Inner Critic outing

THE INNER CRITIC
My inner critic is a she-voice in my head, telling me that I (of all people!) can’t create what I want to create! She encourages me to be lazy and helps me think bad thoughts about myself, my life and my creative work. Mostly she likes to stand in the way of success and mocks me when I fail. Actually, her favorite thing to do is to remind me that I will never be a successful person and that I fail more often than not.

I learned of her presence a few years ago when Tine Wiggens of Studio Friday talked about sending her IC (inner critic) on holiday to get some work done. I too wish it would be that simple, but such a creature is a part of yourself and it is always so very difficult to get away from yourself! Most people would pay good money to never hear that voice again but no matter how many affirmations we say about our own greatness your own IC will come back and let you know: You suck! You should give up, you will never know what you want with your life anyway…

I detest that voice. Some call it gremlin. To me it’s a little monster with lots of black fur and eyes that can see through any darkness and find me, wherever I try to hide. She lives in my shadow and is never far away from me. The air she breathes is fear and self loathing, and she makes the happy dance whenever I cry or roll under a blanket to “rest”.

Inner Critic says Boo!

She often tells me how silly it is to appreciate toys, rainbows, twinkling pink lights, gingerbread houses and silly doodles. She wants me to grow up and stop playing, and I work hard to resist her demands.

When I was reading Diana Trout’s book I tried to imagine my Inner Critique (the IC) and how it would look visually, but it was hard.

I imagined her looking like me but more strict, slick and in an office suit. She was the grown up that couldn’t accept my inner child. She would, like an old school teacher, rise her finger at me and telling me to be a smart girl and stop dreaming.

I thought the IC would be a picture of me, because it is such a strong voice in me. But that did not work and I couldn’t draw the IC that way. Because I couldn’t step away from myself, and I am a grown up (who has come to appreciate office clothes; I started to dress in skirt, pantyhose and shirt last year) – sometimes looking more grown up than I feel. Was I then becoming the Inner Critic (or an image of her) or walking her errands? Can you turn into the Inner Critic you want to avoid? Now I know that the inner critic does not look like me. She may talk with my voice and use my fear for dinner, but she does not look like me at all.

My Inner Critic is a little monster living inside of me. She is the weak part of me that I can never loose, but I will stop listening to. I need to accept her. We all have some kind of creature like this living in our head/body. Some people work with it, some fight against it. Some people don’t listen and maybe they’re not even aware of the voice and that is probably a good thing. It must be nice to go about your business not hearing that voice. Some people start to accept what the IC is saying as the truth, and then they stop trying all together, and that’s the worst part!
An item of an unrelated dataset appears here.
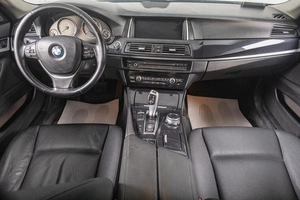 Седан BMW 5 серия 2011 года, 1899000 рублей, Томск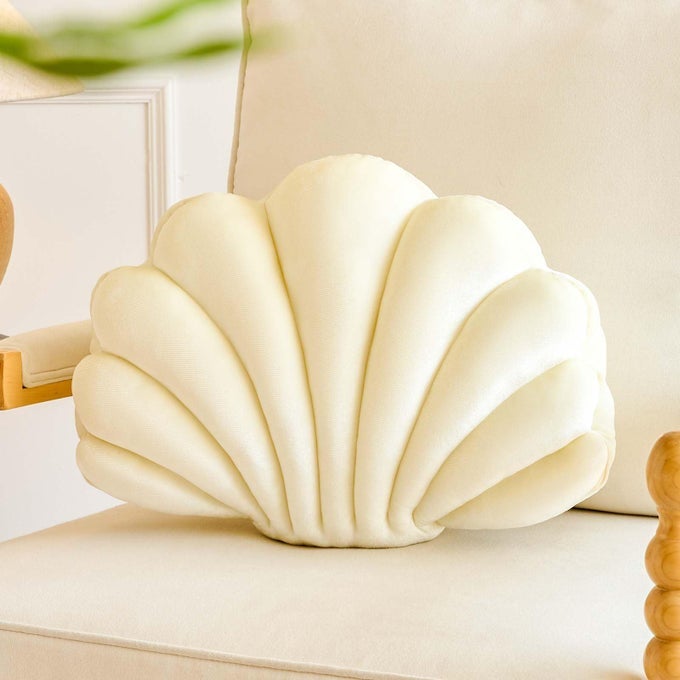 CREAM SEASHELL THROW PILLOWS SHELL SHAPED THROW PILLOWS 13 INCH SOFT VELVET HOME DECORATIVE PILLOW PLUSH CUSHION FOR BED COUCH LIVING SOFA ROOM DECOR ACCENT THROW PILLOW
I hear mine loud and clear. Often enough I listen, but I try not to! She questions all my decisions and sometimes affect them more than I wish for. She tells me to stay in bed, to stay still, to shut up, to procrastinate my Big Projects and to stop Dreaming. Every day she tells me:

You can’t write Hanna. You can’t even sit down to start, if you do you become to tired to write! You don’t make enough money, and you don’t even know how. You never have and you never will. You should be doing X but instead you are not doing anything productive. You are such a lazy person. There is something wrong with you.

My inner critic is called Icki, short for Icki-banna. And now that I made her into a paper doll, at least I can (symbolically) tell her to leave the room and let me work. I can put her under the table if I want to. Make your own as a paper doll!

Have you met your IC yet? How do you deal with her/him?